Can I Register my Actual name as a Trademark?


Trademarks are used to protect a business name or product name, often referred to as “branding.” A trademark registration gives you the right to use your name, symbol, or slogan in commerce. Many celebrities and companies have registered their names as trademarks. For example, singer Taylor Swift owns the trademark “Swift,” while actress Jennifer Garner also owns the trademark “Jenner.” You can register your actual name as a trademark if it meets certain legal requirements. This article will provide an overview of these requirements so that you can decide whether or not registering your own name is right for you!

Trademarks Represent a Business or Product

Trademarks can be word marks (e.g., “Budweiser,” “Google” or “FedEx”), logos, symbols, and/or designs (e.g., the trademarked Apple logo). Most trademarks are well-known and recognized by the public in general. For example, consumers might recognize a company’s distinctive packaging or a product or service name as being associated with that company’s brand. Trademarks protect businesses from competitors who try to profit from their goodwill by imitating their trade dress or confusingly similar names or products/services after they have been established in the marketplace through the use of such distinctive features.

The Product must be Associated with you/your Business

A trademark can be any word, slogan, symbol, or device that is used to identify and distinguish the source of a product or service. A trademark must be associated with you/your business. You must be able to show that your name has been used in commerce and is associated with a product or service.

This means that if you want to register your actual name as a trademark, it will have to be shown in association with some other item (such as a book title) in order for the application to go through – even though it’s technically not necessary because people will know who they’re buying from when they see “John Smith” on something like stationery supplies!

Only Certain Types of Names can be Registered as Trademarks

Trademark registration is limited to words, phrases, symbols, and designs that are distinctive enough to be considered unique. This means that trademarks cannot include common words or phrases, because they would be too easily confused with other types of businesses in the same industry. It also means that you cannot register a trademark for an offensive or disparaging name—this is against federal law. Finally, you should avoid registering trademarks for names that are too descriptive; these will not be eligible for registration either because no one can claim exclusive rights over such descriptions (such as “computer”).

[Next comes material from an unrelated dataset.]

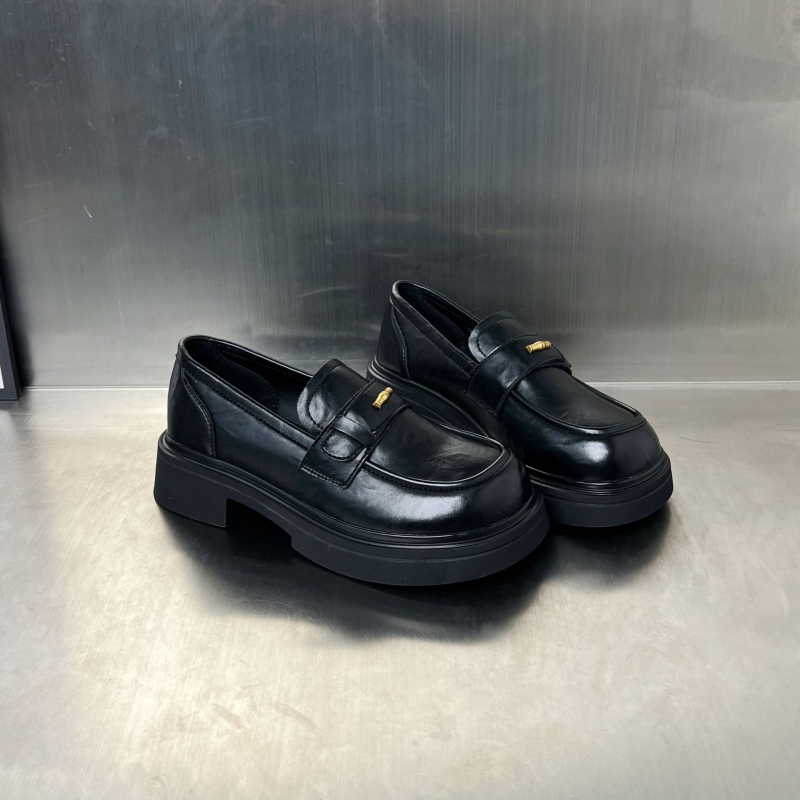 Ženske loaferice s debelim potplatom, crne, slip-on, proljeće 2026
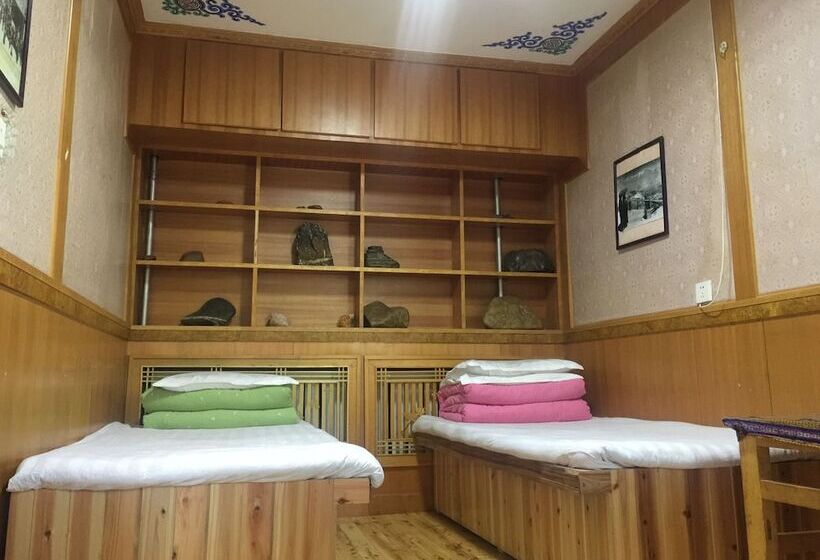 Yangkor Tibetan Homestay Hostel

You Must use the Name in Commerce to Register it as a Trademark

In order to register your actual name as a trademark, you must use the name in commerce before you file an application for registration. It’s true that your real name can be registered as a trademark, but in order to do so it must be used in connection with goods or services and not just for personal use.

The reason behind this requirement is fairly simple: if someone else wanted to use your first name as part of their business identity (for example, “Bob’s Barbecue & Grill”) then they would have difficulty registering it as a mark because yours was already taken by you.

In short: don’t try to register “John Smith” unless there are tons of other businesses called “John Smith.”


Registering your name as a trademark can help protect your identity and reputation. You should be aware that online searches will return results for both your name and the names of others who have registered trademarks using their own names. If you are concerned about this, it may be best to register under a business name instead of your actual name.

It is also important to note that registering a trademark does not prevent other people from using similar logos or designs; however, if someone else is using an identical logo or design in connection with similar products and services (or if they are using it in such close proximity as to cause confusion), then there may be grounds for infringement action against them.


It’s possible to register your actual name as a trademark, but it’s not easy. You must prove that people associate the name with your product or business through use in commerce. If you want to protect your identity and reputation, you should consider registering a trademark on another name or phrase instead.